L’hégémonie des Gémeaux bloque le chemin vers le Verseau. Voilà où je voulais en venir : pour Jean-Charles Pichon, une bataille a commencé au 17ème siècle entre deux conceptions de la liberté : celle, (faussement) égalitaire des Gémeaux, et celle, dangereusement faustienne du Taureau. Depuis le 19ème siècle, les Gémeaux triomphent, grâce notamment aux machines, mécaniques d’abord, puis électroniques[2].  Le thème de la mise en abîme est tombé à pic pour moi cette année, même si nous allons voir ensemble que la mise en abîme n’est pas une bête chute.
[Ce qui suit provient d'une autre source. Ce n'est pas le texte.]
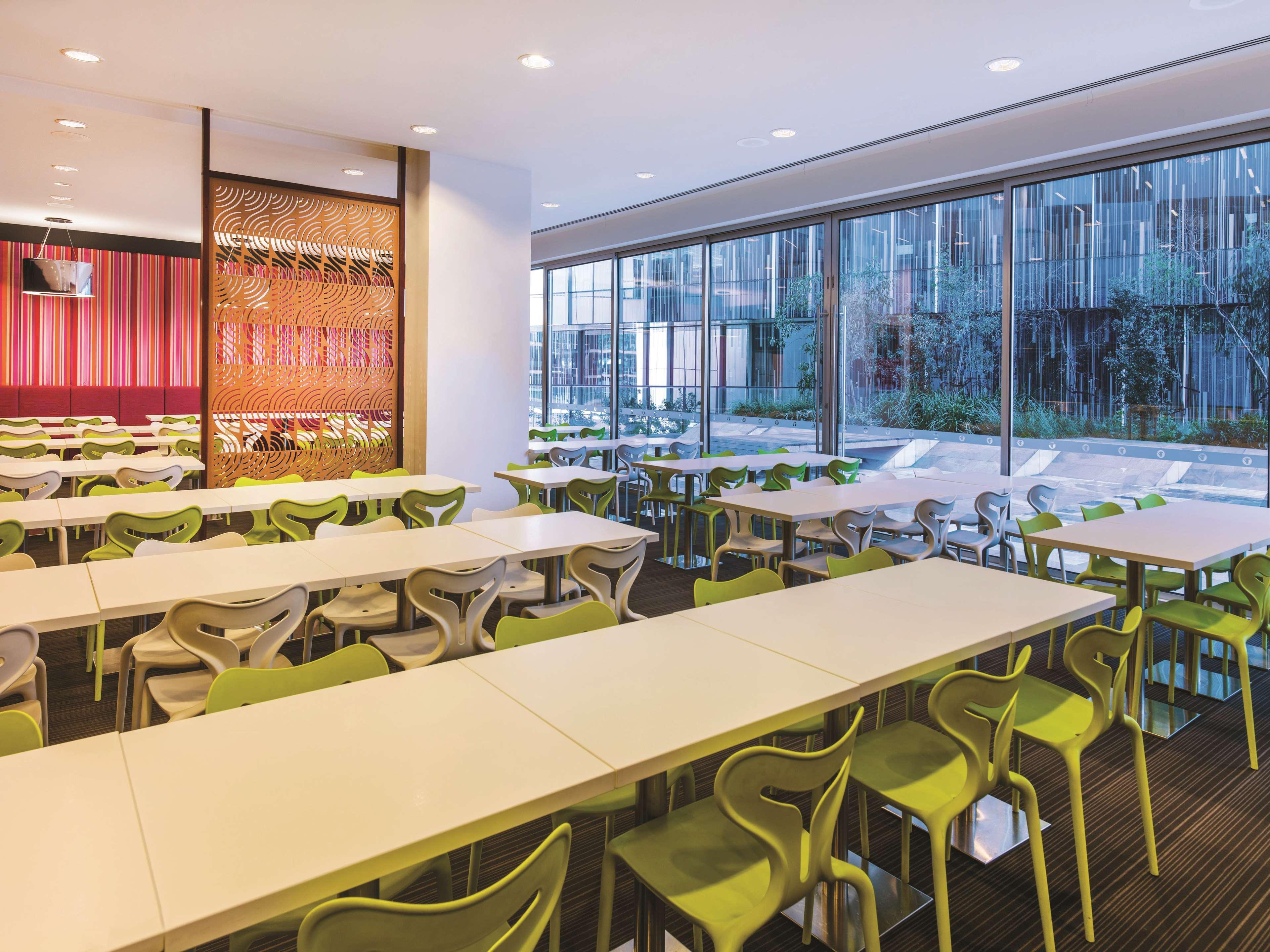 Travelodge Hotel Melbourne Docklands Exterior photo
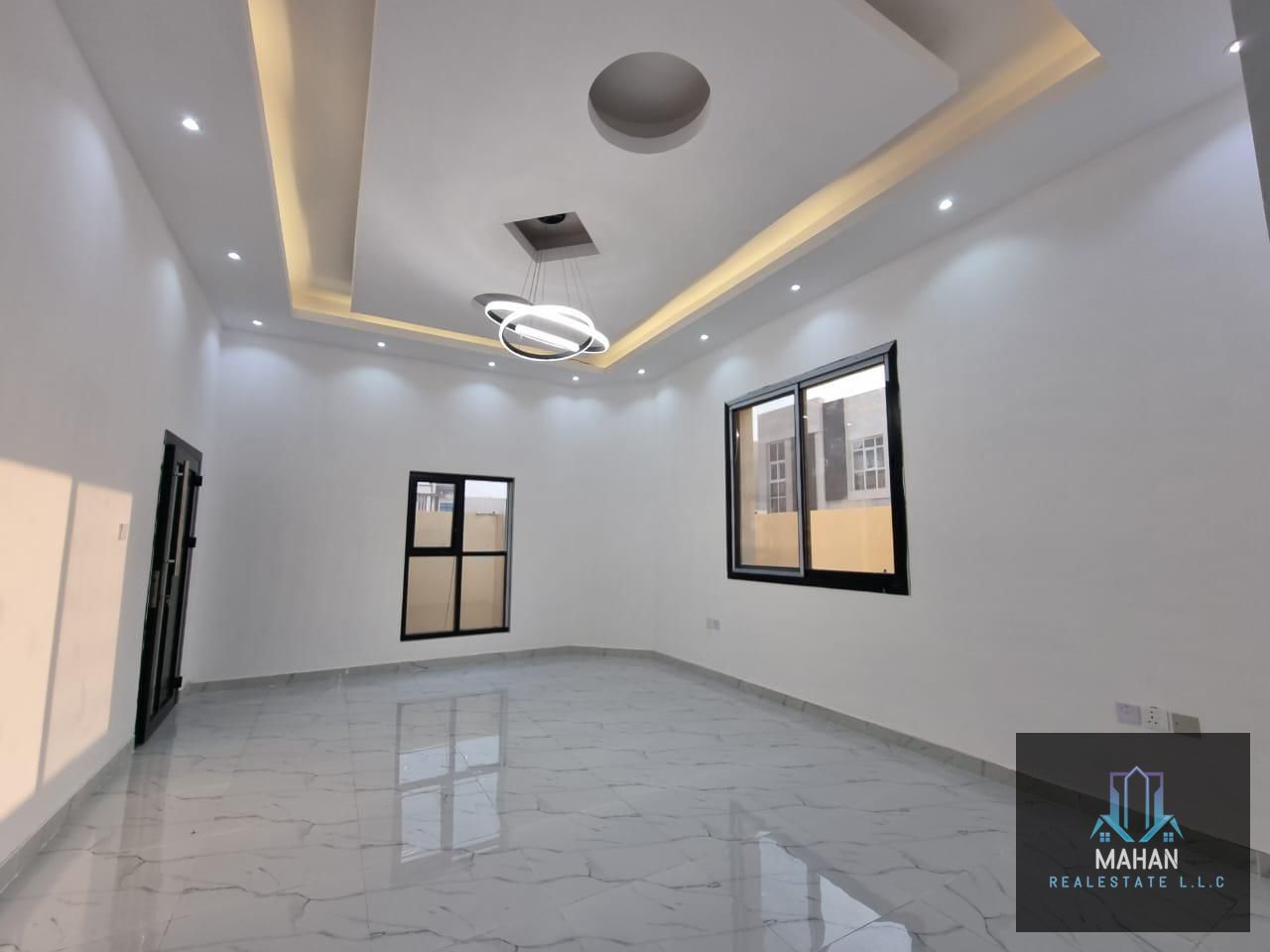 Modern villa for sale in Al Zahia 2 – 6 master bedrooms + swimming pool + roof terrace + 3800 sq ft. Modern villa for sale in Al Zahia 2 – 6 master b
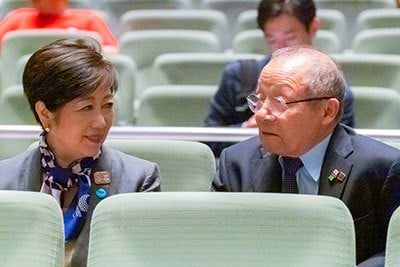 小池百合子都知事も視察　右：JWA 三宅義行会長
La mise en abîme, dans sa version la plus basique, on l’a vu, c’est une mise en regard de deux miroirs, ou bien le placement de la même image dans l’image, style « Vache-qui-rit » ou encore dans la photo de l’album « Umagumma[3] » de Pink Floyd, sorti en 1969. Dans la symbolique pichonienne, le procédé artistique de mise en abîme c’est le Taureau créateur qui joue avec les Gémeaux, maîtres des miroirs, à moins que ce ne soit l’inverse. Plonger dans la mise en abîme, c’est une invitation à plonger au cœur de la récurrence. C’est un peu le même exercice que de parcourir un tour de spirale de l’histoire cyclique, en étant attentif à ce qu’il y a de nouveau ou de différent dans le jeu de pareil au même. Au-delà de l’amusement et du vertige qu’elle procure, la mise en abîme est aussi un exercice philosophique. C’est sans doute pour cela que le thème a éveillé chez moi le besoin d’approfondir différents sujets traités lors de mes précédentes interventions.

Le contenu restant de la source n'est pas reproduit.